There’s a temptation to wish we saw more folks named O’Gara and Feeney and McGuire in photos like this. But, first of all, who’s to say there isn’t a genuine Hibernian not too far back in the family tree?
More importantly, at a time of tremendous tension and conflict across this country, we should pause and reflect on just how astonishing it is to host a grand Irish parade attended by folks of varying ethnicities, races and religions.
It proves, first of all, that one can quite easily balance an appreciation for your roots and heritage while also pledging allegiance to the U.S. It also shows -- more importantly -- that immigrants bringing new customs to the U.S. need not necessarily signal a looming apocalypse.
For a long time the term melting pot was used to capture America’s blend of ethnicities. Then that term fell out of favor because some felt it was unfair to expect immigrants to “melt,” or vanish or disappear.
The problem is, these days, too many people have given up on the melting pot concept entirely. This even though proof that it can and does work might well be marching down a street in your own hometown, led by bagpipers blaring a song about running guns.
This even though our culture is so much more rich because of the many influences that flow through it.
Listen to Mat Johnson, the author of an acclaimed Philadelphia-set novel entitled Loving Day. Johnson told NPR’s Fresh Air program about he hopes not be viewed simply as a “black” novelist.
“Every time I had to say I was black, it felt like I was...beheading my father and denouncing his entire family. You know, and my father...I love him, and I love my family. You know, my grandparents used to be a huge part of my life, and...part of my connection to Philly, it's not just me. It's an Irish-American Philly that went back, you know, to the 1830s,” he said.
“Like, my humor -- my sense of humor, I have an African-American influenced sense of humor -- probably comes from watching Eddie Murphy tapes and Redd Foxx and tapes like that, listening to Bill Cosby tapes. But I also have an Irish American sense of humor that's dry and self-deprecating and probably fairly bleak that I get from my father.”

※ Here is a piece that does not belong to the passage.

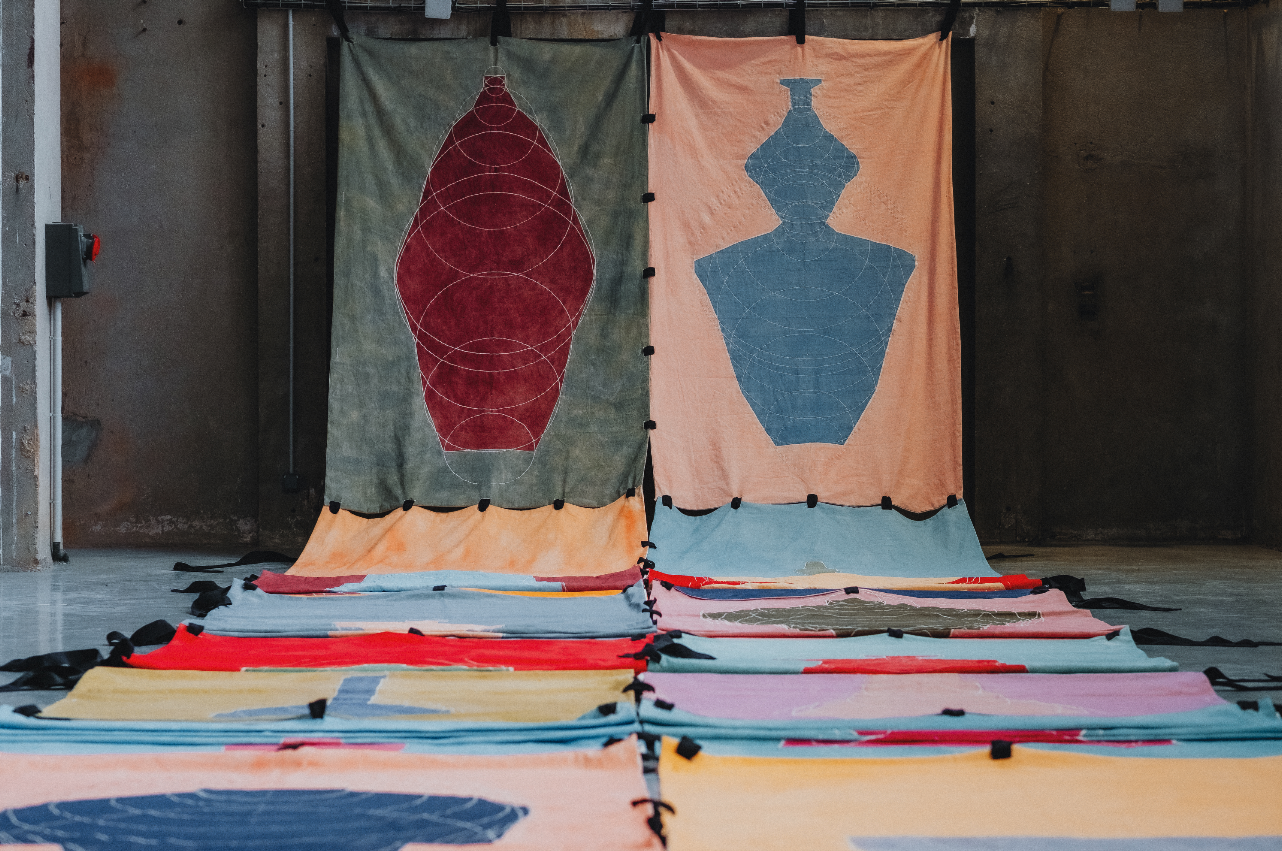 Capsules, Models 1:1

Meanwhile, there is a new Netflix documentary out about the singer Nina Simone, whose popularity grew in the 1960s during the struggle for civil rights. Attempting to explain her genius, the famous poet Langston Hughes once said of Simone: “She is strange. So are the plays of Brendan Behan.”
Then there’s this wild story author Susan Jacoby recently told interviewer Terry Gross. Jacoby has written extensively on the Jewish faith she practiced before becoming an atheist. But a large number of her ancestors were, in fact, Irish Catholic.
And at a time when “mixed marriages” (Catholic and Jew) were frowned upon, Jacoby’s Irish Catholic grandfather “was very favorable toward (Jacoby’s mother’s) marriage because he believed stereotypically that Jewish men make good husbands because they don't drink and they don't beat their wives.”
Where do you begin to deconstruct all those stereotypes? (By the way, Jacoby’s father turned out to be a gambling addict.)
And yet, Jacoby’s father beat the problem, thanks in part to his own conversion to Catholicism.
“The Catholic Church ... has this one thing, Confession, in which you could go, confess to a priest and obtain absolution of your sins. And there was a routine and a ritual and I think, I think that it did help him.”
Look. It’s easy to focus on the gloom and doom. God knows the Republicans won’t stop trying to scare the bejeezus out of us.
And yet, consider Trump, Cruz and Rubio for a moment: The three leading candidates of the unabashedly nativist wing of the Republican party are all the children of immigrants!
Only in America. What a great country.